Disaster recovery for OpenShift vSphere
Disaster Recovery (DR) is a process that ensures the availability and recoverability of services and resources within a cluster in the event of a disaster. When you implement a DR strategy provided by Portworx, it mitigates or minimizes data loss caused by unforeseen incidents that can disrupt business operations. The goal is to swiftly restore the operational status of a cluster, enabling access to data as soon as possible after a disaster occurs.
You can easily manage the failover and failback of your applications. Failover is the process of migrating an application or workload from your source cluster to a destination cluster in the event of a failure or disruption in the source cluster. Failback is the process of moving the application and its data back to the source cluster once the source cluster is restored and operational again.
Types of disaster recovery
This section describes the synchronous and asynchronous methods for achieving Disaster Recovery (DR) between multiple clusters when using Portworx.
Synchronous DR
Synchronous DR involves the immediate replication of any changes made to data or applications on the source cluster to the destination cluster.

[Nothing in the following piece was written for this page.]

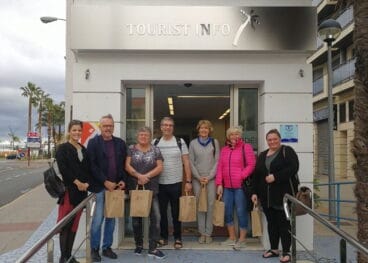 visita de agentes de turismo de salud a denia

In a Synchronous DR setup, a single Portworx cluster spans both the source and destination clusters. This is achieved by providing a common external key-value store endpoint during the installation of Portworx on all clusters. Once a single stretched Portworx cluster is established, volumes are automatically replicated across the clusters. This ensures consistent and up-to-date data on both the source and destination clusters.
With this setup, the Recovery Point Objective (RPO) is zero, and the Recovery Time Objective (RTO) is less than 60 seconds.

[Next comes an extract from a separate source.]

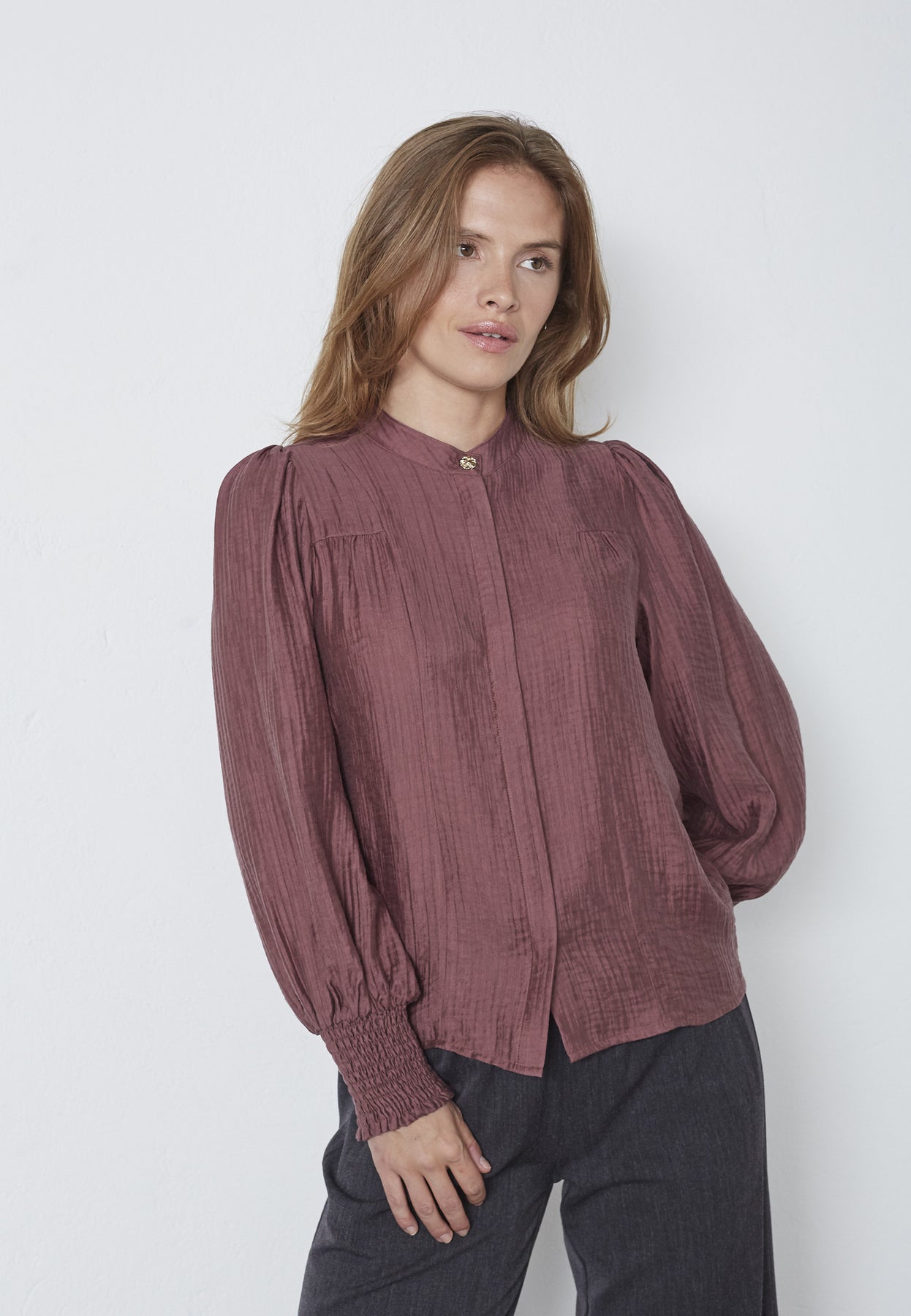 Tassycc Shirt - Plum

You should consider this method when:
-
Your source and destination clusters are within the same Metropolitan Area Network (MAN), including:
- The same cloud region, i.e on-prem environments (potentially in different zones).
- The same datacenter or datacenters located within a 50-mile proximity.
-
Network latency between the nodes remains under 10 ms. This low latency requirement ensures the seamless synchronization and replication of data between the source and destination clusters.
Asynchronous DR
Asynchronous DR involves replicating data from a source cluster to a destination cluster with a delay between the data changes occurring on the source cluster and their replication to the destination cluster.
In an Asynchronous DR setup, a separate Portworx cluster is installed on each OpenShift cluster. This method can be used in a heterogeneous environment. For volume replications, you need to create migration schedules to migrate applications and volumes between the clusters that are paired.
With this setup, the Recovery Point Objective (RPO) is 15 minutes and the Recovery Time Objective (RTO) is less than 60 seconds.
You should consider this setup when:
- Nodes in all your clusters are in the different regions or datacenter.
- The network latency between the nodes is higher than 10 ms.